> Activity:
Starting with the line that holds "DecorBites™ Antique Brass" and stopping after the line that holds "Luxe Metal Art", repeat the lines below word for word, without the pictures.

> Data to use:
————
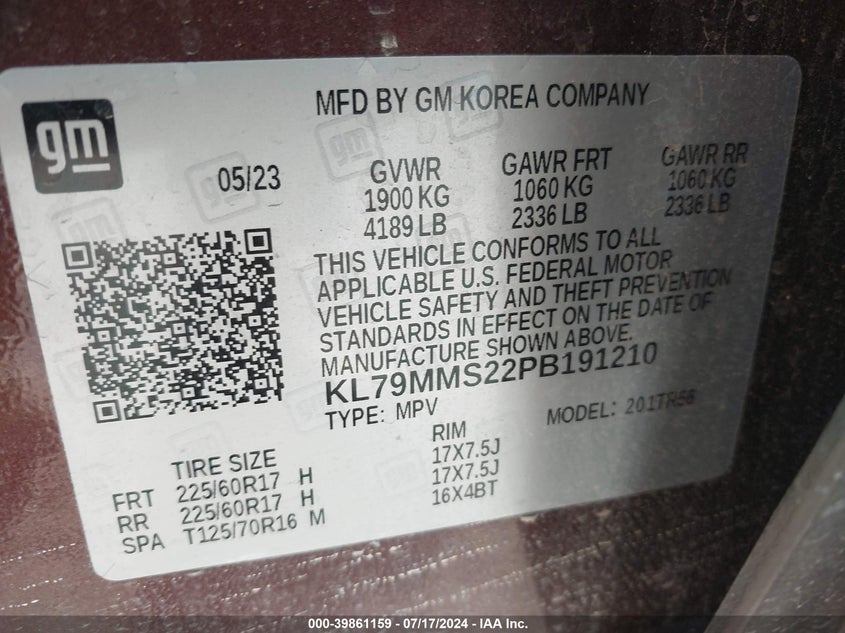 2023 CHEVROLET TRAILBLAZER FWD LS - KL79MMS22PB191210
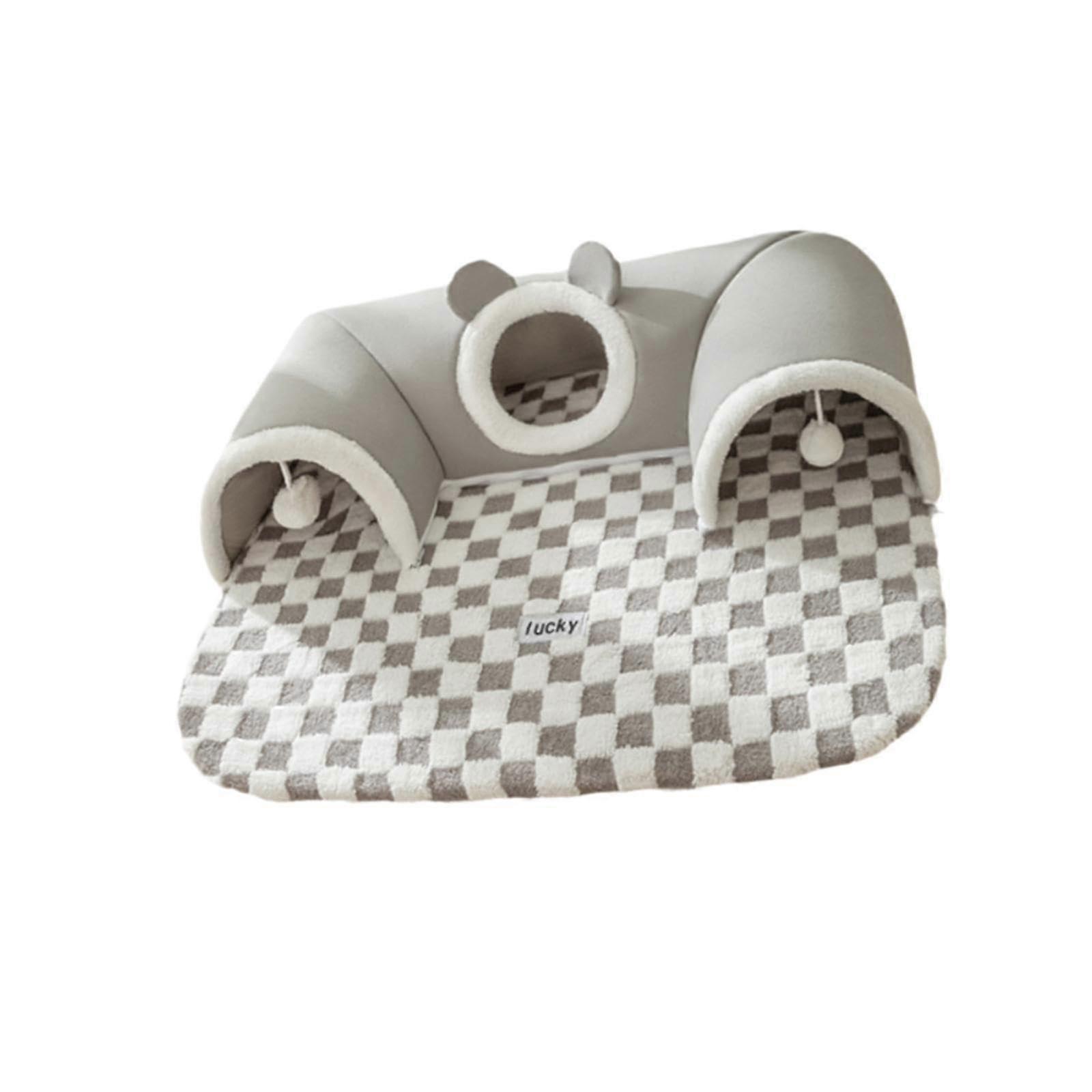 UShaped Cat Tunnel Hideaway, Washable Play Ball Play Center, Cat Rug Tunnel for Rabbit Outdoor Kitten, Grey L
————
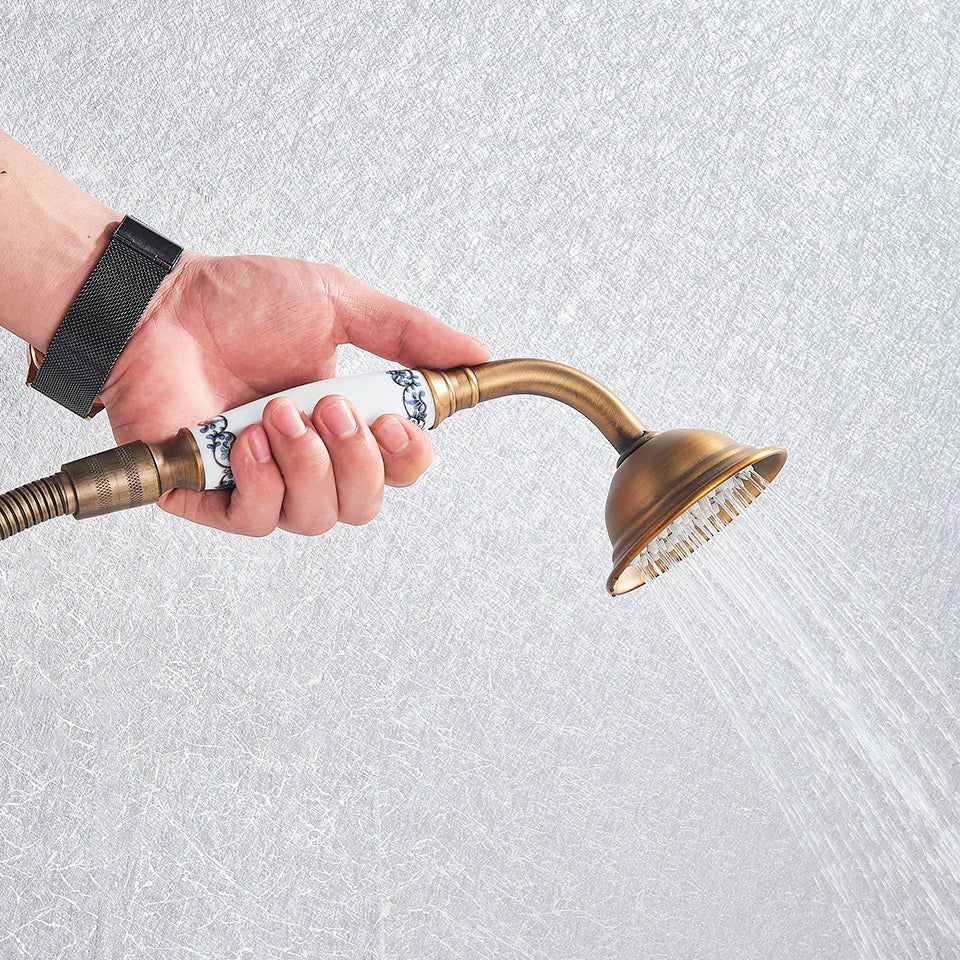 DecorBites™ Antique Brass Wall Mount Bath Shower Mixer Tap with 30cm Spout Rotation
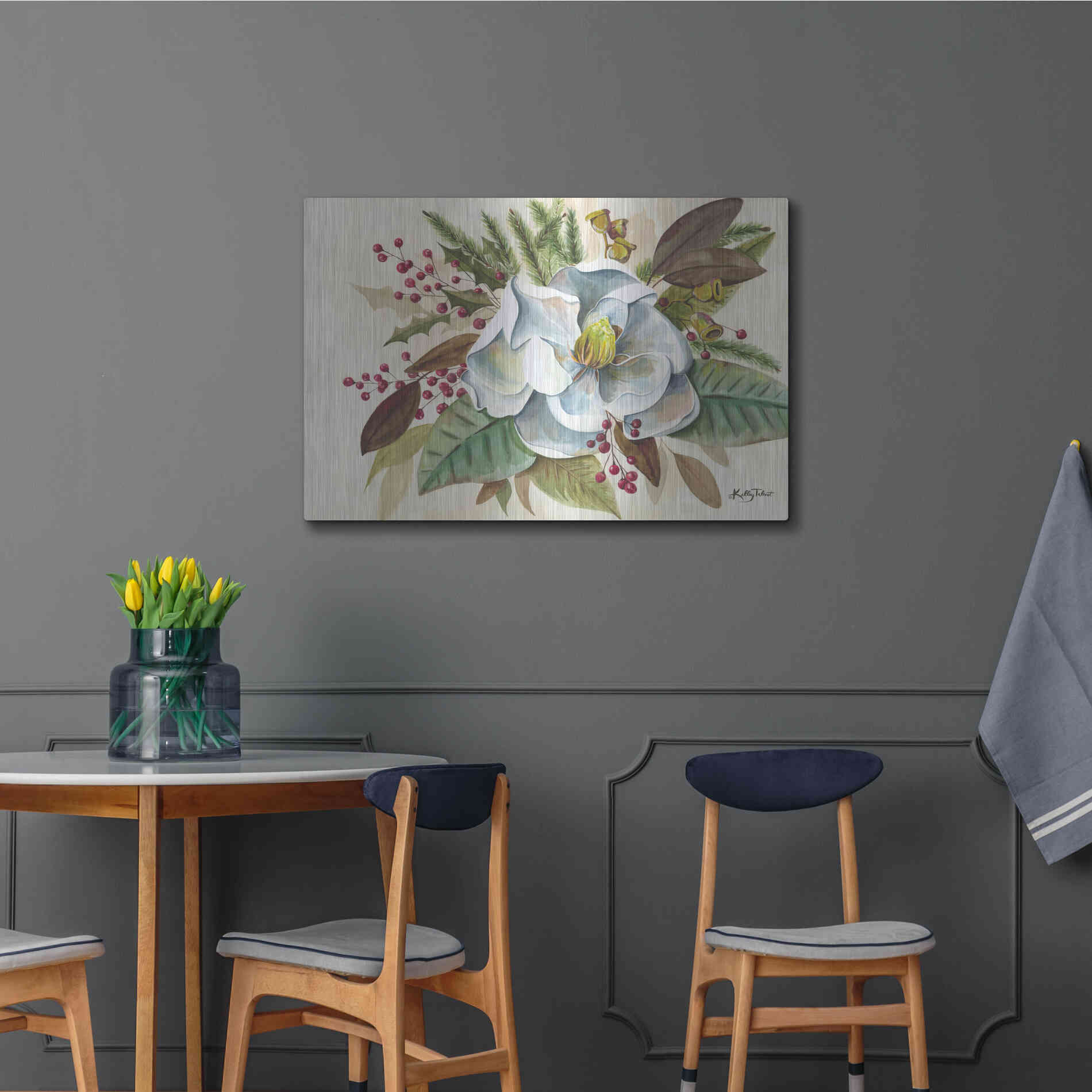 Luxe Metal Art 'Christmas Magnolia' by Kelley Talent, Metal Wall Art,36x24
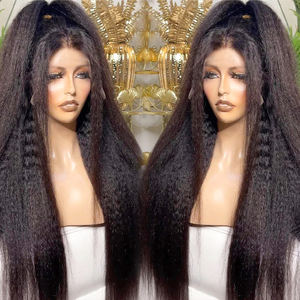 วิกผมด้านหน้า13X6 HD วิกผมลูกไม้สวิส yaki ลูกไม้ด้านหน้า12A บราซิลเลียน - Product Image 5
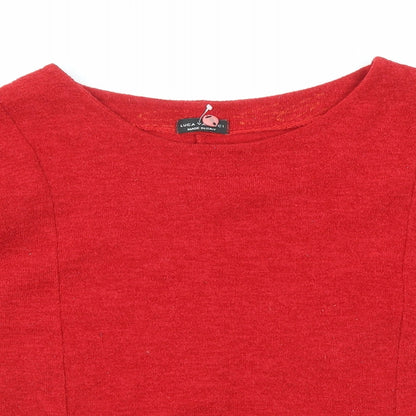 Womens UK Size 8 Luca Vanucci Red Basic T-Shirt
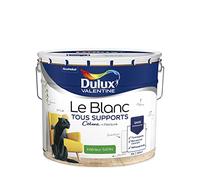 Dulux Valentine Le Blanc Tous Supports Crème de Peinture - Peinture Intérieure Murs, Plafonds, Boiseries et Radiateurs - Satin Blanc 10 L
————
> Response box:
 DecorBites™ Antique Brass Wall Mount Bath Shower Mixer Tap with 30cm Spout Rotation
 Luxe Metal Art 'Christmas Magnolia' by Kelley Talent, Metal Wall Art,36x24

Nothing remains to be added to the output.